The combination of the roughening and the thermal spraying produces a brake body 10 with a dense coating 16, which has high adhesion to the base body 12. It is seen from ecological Ge point of view with cost-effective means feasible bar. Thus, the costs are much lower than previous methods, which e.g. Consider an additional heating step with another method and / or a chemically or electrochemically applied intermediate layer as a primer layer and thereby also emissions Verur things

Claims

claims

1. brake body (10) for a brake, in particular for a

Having vehicle, with a base body (12) having a trained by rough surface as a friction surface (14) and after a roughening by means of a thermal spray process on the friction surface (14) applied Beschich device (16).

Second brake body (10) according to claim 1, whose base body (12) made of cast iron, preferably gray cast iron, is produced.

3. brake body (10) according to claim 1 or 2, wherein it is in the thermal spraying method to flame spraying, preferably, as high-speed flame spraying is.

4. brake body (10) according to claim 3, wherein hydrogen is used as fuel or fuel additive.

5. brake body (10) according to any one of the preceding claims, the coating (16) has a high density and / or high adhesion.
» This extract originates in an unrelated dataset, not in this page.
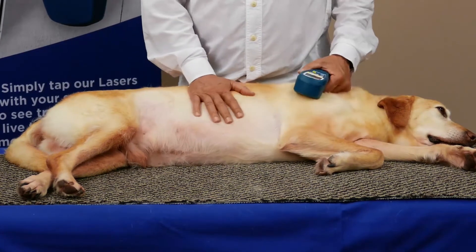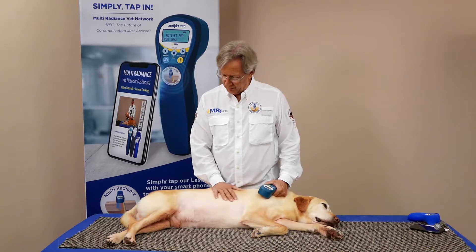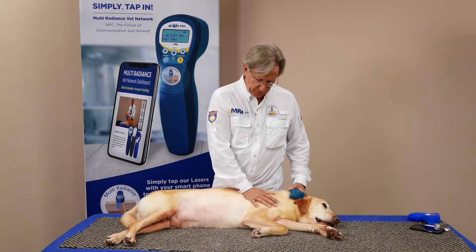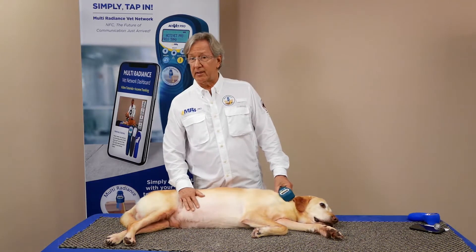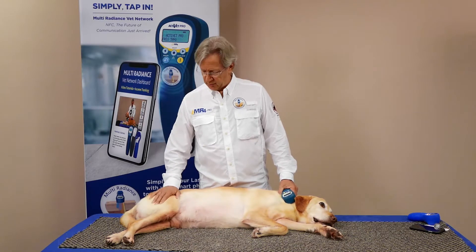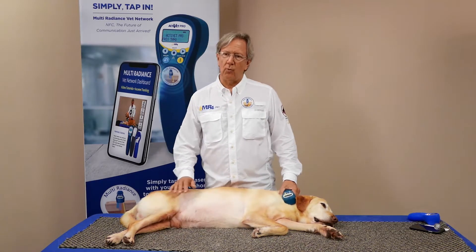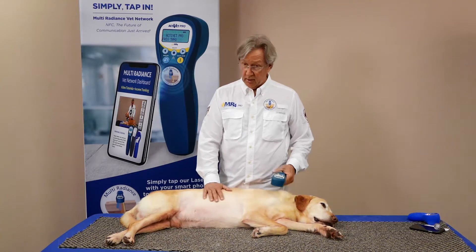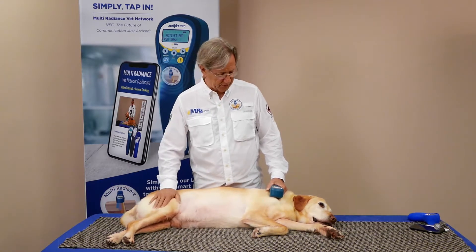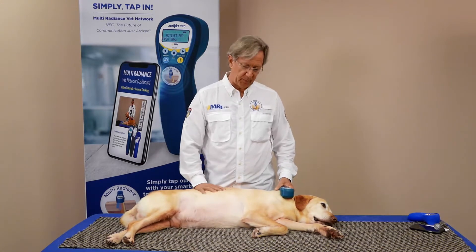That's what's so nice about laser therapy — you're getting a nice endorphin response, you're not getting any pain reactions, you're not getting any overheating or thermal overloading of tissues. Consequently the animal stays very nice and calm. That's what makes our rental laser program so popular too, because when the animal gets to stay home to continue those treatments the vet has prescribed, everybody's relaxed. This is the ideal way to get the best outcomes from your laser therapy.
6. brake body (10) according to any one of the preceding claims, the coating (16) with the main body (12) teilwei se or completely friction welded.

7. brake body (10) according to any one of claims 5 or 6, the coating (16) has a fine microcapillarity, so that the penetration of moisture is reduced.

Brake body (10) according to any one of the preceding claims, whose coating (16) has a layer thickness of 50 ym to 500 ym, preferably from 100 ym to 300 ym and / or formed by repeated deposition of multiple individual layers and / or has a graduation.

9. brake body (10) according to any one of the preceding claims, the coating (16) compared to the base body (12) has a higher corrosion and / or wear resistance.

10. brake body (10) according to any one of the preceding claims, the coating (16) a non-oxidic Keramikmate material, preferably a carbide hard material, more preferably tungsten carbide or chromium carbide, and / or a metal or a metal alloy, preferably a nickel or nickel Chromium alloy, includes.

11. brake body (10) according to claim 10, the Beschich

tion (16) of a carbide hard material an additional Liche oxide or ceramic coating, preferably of chromium oxide having.

12. brake body (10) according to any one of the preceding claims, the coating (16) on one of the friction surface (14) from side facing a low surface roughness has.

13. brake body (10) according to any one of the preceding claims, wherein it is the brake body (10) is a brake disc be for a disc brake or a brake drum for a drum brake.

14. Brake body (10) according to any one of the preceding claims, wherein the base body (12) in the region of the friction surface (11) and immediately before the application of the coating (12). has an elevated temperature, preferably at least 200 ° C.

15. A method for producing a brake body (10), comprising the steps of:

- Providing a base body (20) made of a base material,

Roughening a surface of the base body (12)

Forming a friction surface (14), generating a predetermined roughness, and

- Applying a coating (16) on the Reibflä

che (14) by means of a thermal spraying process.